WHAT THE EXERCISE ASKS: Below are entries with pictures in them. Output exactly the lines starting at the line with "Search for lucky dad tshirts St patricks day" and ending at the line with "BIRDSEYE POLO", both included, but not the pictures.

Stored dataset items
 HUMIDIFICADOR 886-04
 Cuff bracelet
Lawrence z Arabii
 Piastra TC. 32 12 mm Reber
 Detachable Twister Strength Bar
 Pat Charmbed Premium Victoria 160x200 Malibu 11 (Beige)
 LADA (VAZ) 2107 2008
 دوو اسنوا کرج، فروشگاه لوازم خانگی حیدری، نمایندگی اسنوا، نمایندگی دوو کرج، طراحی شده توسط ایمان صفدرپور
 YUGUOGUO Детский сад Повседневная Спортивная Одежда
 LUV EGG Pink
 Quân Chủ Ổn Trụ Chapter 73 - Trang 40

--

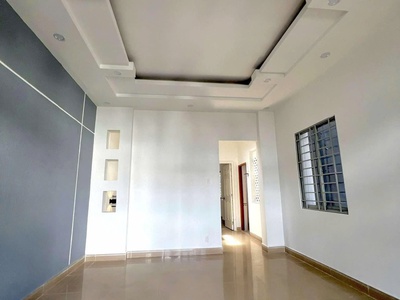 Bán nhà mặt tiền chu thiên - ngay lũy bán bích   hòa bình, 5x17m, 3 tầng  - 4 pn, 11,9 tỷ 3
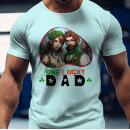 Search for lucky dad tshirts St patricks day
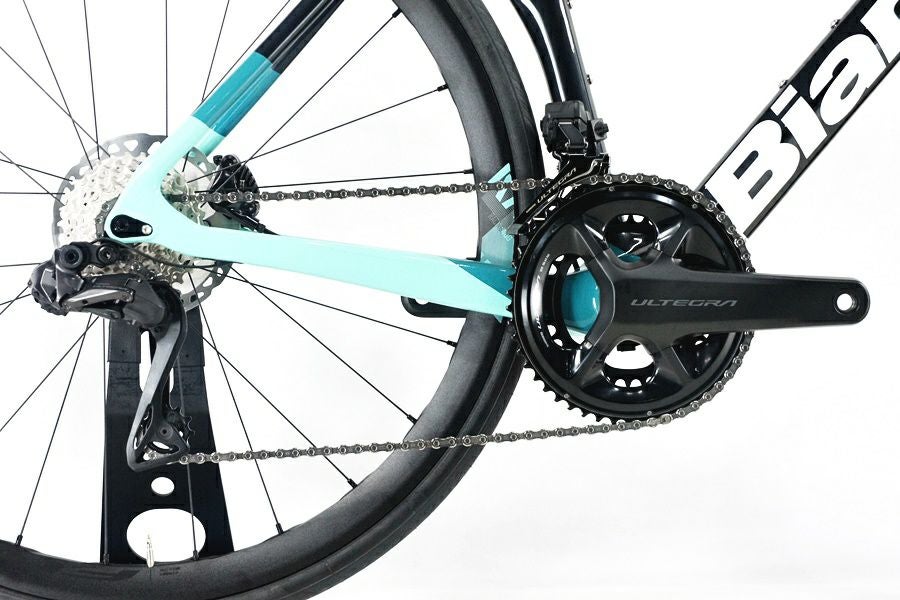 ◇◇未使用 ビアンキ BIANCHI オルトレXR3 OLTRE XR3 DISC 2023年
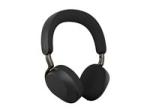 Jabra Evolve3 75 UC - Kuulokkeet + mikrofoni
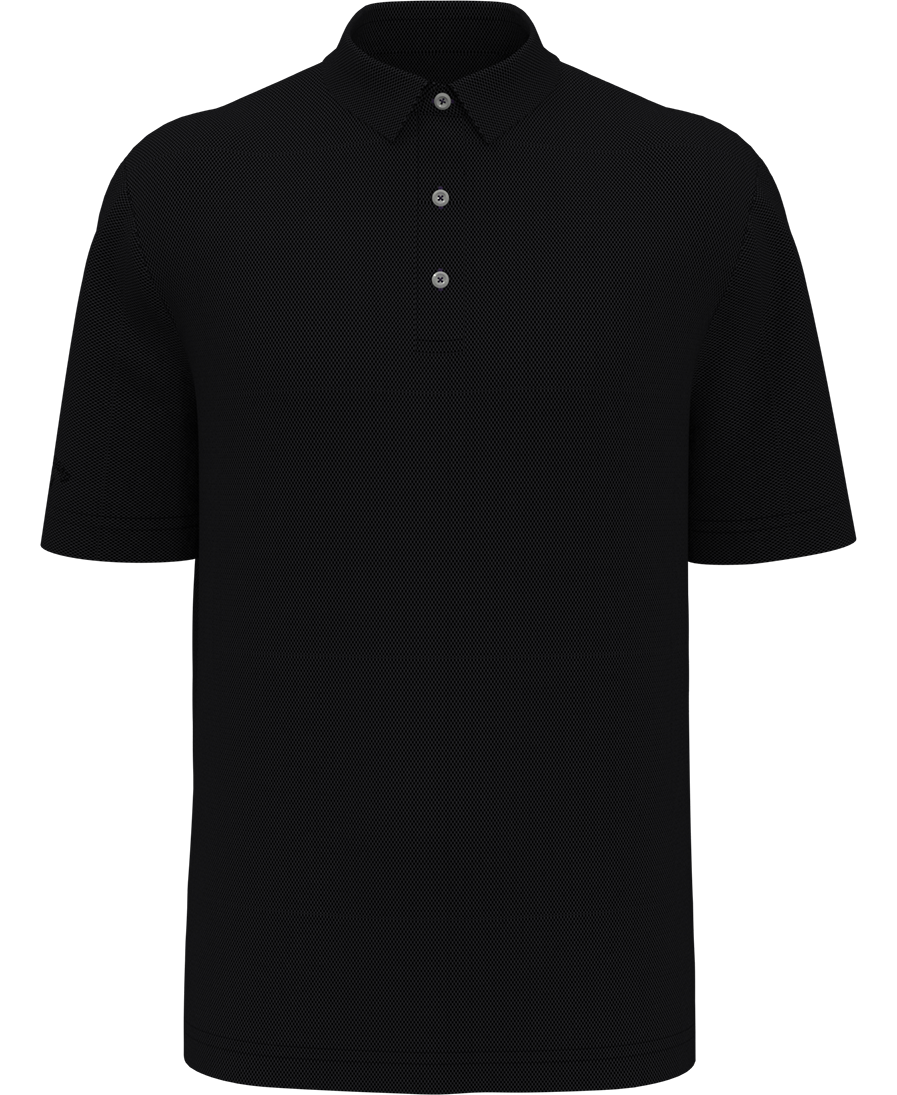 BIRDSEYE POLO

OUTPUT OF THE TASK:
 Search for lucky dad tshirts St patricks day
 ◇◇未使用 ビアンキ BIANCHI オルトレXR3 OLTRE XR3 DISC 2023年
 Jabra Evolve3 75 UC - Kuulokkeet + mikrofoni
 BIRDSEYE POLO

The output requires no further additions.